The film was inspirational to say the least. Rather than simply outlining McClure’s escapades (which would have made for some great viewing, I assure you), it delved into some of the artistically relevant aspects of his work. As an example, the documentary began with a recitation of his poem “For the Death of 100 Whales.” The poem itself is rather Call of the Wild-esque in its detail, and is inspired by an article from the April 1954 issue of Time magazine. The article described the tragic tale of bored American soldiers stationed in Iceland who took it upon themselves to murder a pod of killer whales with their military weapons. Rather than simply depict a reading of the poem, though, the documentary discusses the form of the poem itself: McClure failed to understand the obsession with left-aligned poetry, and decided instead to center his work on the page. This, he says, directs the “transfer of energy to the core”: the core of the words, the core of the reader, the core of the poem. This alignment made the poem not simply poetically stimulating, but also “visually, physiologically, and intellectually” invigorating.
McClure’s dedication to the creation of multi-faceted work is apparent in some of the unique readings he has performed. One such reading is that which was performed for some caged lions at the San Francisco zoo. The poems he read came from his Ghost Tantras – 99 poems in a language more primal than English. The language he speaks is often referred to as ‘beast’ – guttural, primal sounds that seem to be the pure origins of the words our language employs. McClure described how the reading came about during the post-documentary discussion: he was at the zoo one morning recording snow leopards for a music track he was working on. He ran into a lion keeper who was a fellow poet. The lion keeper then invited him to read for the lions, knowing of his work from the Ghost Tantras. This is where the video of his reading to the lions was born. The footage is inspiring – McClure, passionately reading poetry to lions who are growling, hissing, and generally going apoplectic in their cages. The image is a visceral representation of the primal beauty in so much of McClure’s work.

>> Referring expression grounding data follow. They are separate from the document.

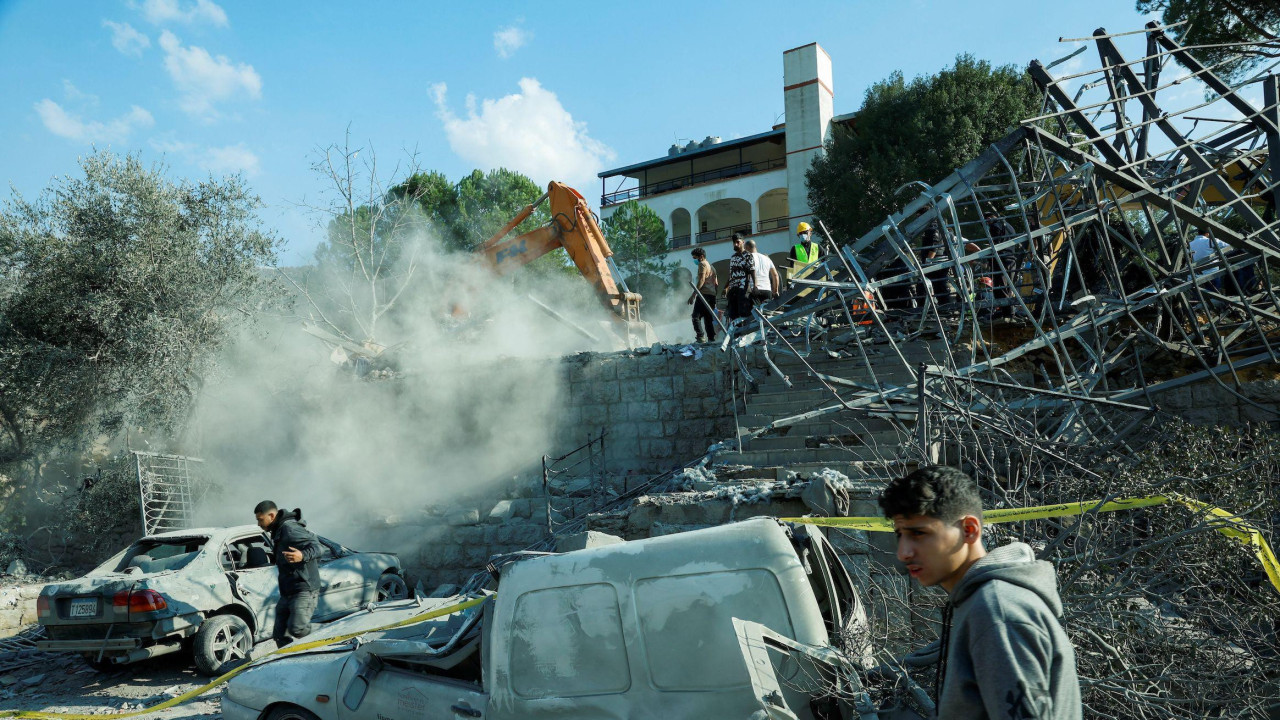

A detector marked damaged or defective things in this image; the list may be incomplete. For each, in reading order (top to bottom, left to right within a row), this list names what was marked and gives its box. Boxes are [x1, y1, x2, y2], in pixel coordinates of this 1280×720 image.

crushed car [35, 520, 404, 671]
damaged white sedan [35, 525, 404, 671]
crushed car [222, 515, 931, 717]
damaged white sedan [225, 515, 931, 717] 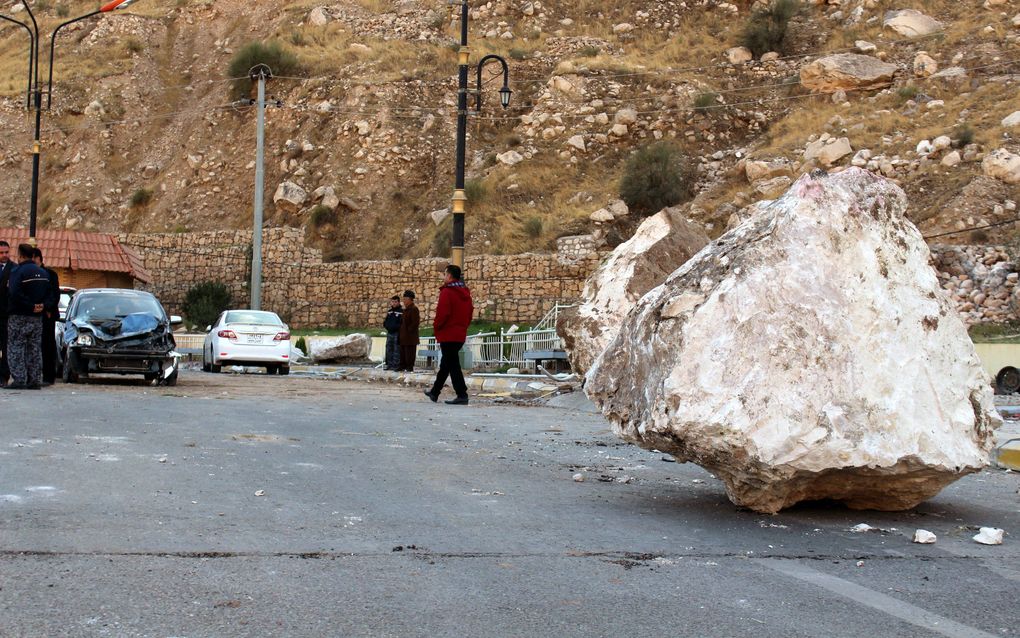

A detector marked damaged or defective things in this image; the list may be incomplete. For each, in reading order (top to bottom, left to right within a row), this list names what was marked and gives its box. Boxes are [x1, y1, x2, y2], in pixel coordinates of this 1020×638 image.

damaged black car [59, 287, 183, 383]
cracked pavement [1, 371, 1020, 632] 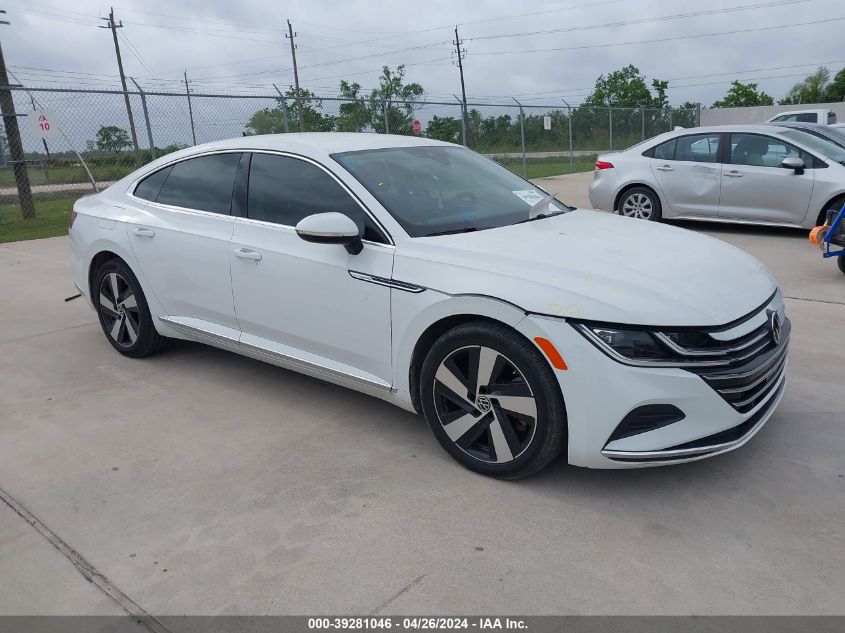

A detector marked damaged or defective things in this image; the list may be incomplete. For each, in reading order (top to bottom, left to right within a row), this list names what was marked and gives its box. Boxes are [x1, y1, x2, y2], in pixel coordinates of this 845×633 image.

crack in pavement [0, 486, 173, 628]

An aspect of the documentary and discussion that I particularly enjoyed was the depiction of his work with music and poetry. Aside from the compositions he did with Morrison and Joplin, he has spent much time incorporating music into his poetry. In the documentary, Terry Riley (an American musician belonging to the ‘minimalist’ school of composition) described his working relationship with McClure: the poet would send the composer both a hard copy of the poem, and a recording of a reading of it. From that, the composition was born – thus, the music reflects the words. The music itself is ethereal and complimentary; chord changes and leitmotifs add depth and body to the words of the poems.
When asked to elaborate on the composition process, McClure explained that the songs are never the same from performance to performance. He said that a poetic reading – with or without music – is greatly influenced by the “tenor of the audience”. Their emotions, he says, give body to the poems. This truth extends to musical readings as well. A particularly well-received line may call for an extended arpeggio or extra cadence – or it may change the bones of the song itself. One particular memory that McClure described was of a performance with Doors alumni Ray Manzarek. During this performance, one poem was so well received that Manzarek morphed the melody into one from Beethoven’s 9 Symphony – the choral portion, where the melody of the well-known song “Ode to Joy” comes from. McClure loved its grandiose effect, and asked Manzarek if he could replicate it during future performances. However, the keyboardist didn’t realize what he was doing – “I was playing Beethoven?” – demonstrating how fully the artists allowed themselves to be controlled by their instinct and emotion.
To make a long article short – this event was amazing, inspiring, informative, and definitely worth the trek up Burnaby mountain. If you’re interested in learning more about this revolutionary artist, check out his newest publication: Of Indigo and Saffron. This is a great book to pick up if you’re new to McClure; it includes selections from his body of work as well as new poems. In the words of McClure: “the point is to play with words. Words on the page, words spoken. They play with me, too. Isn’t that the point?”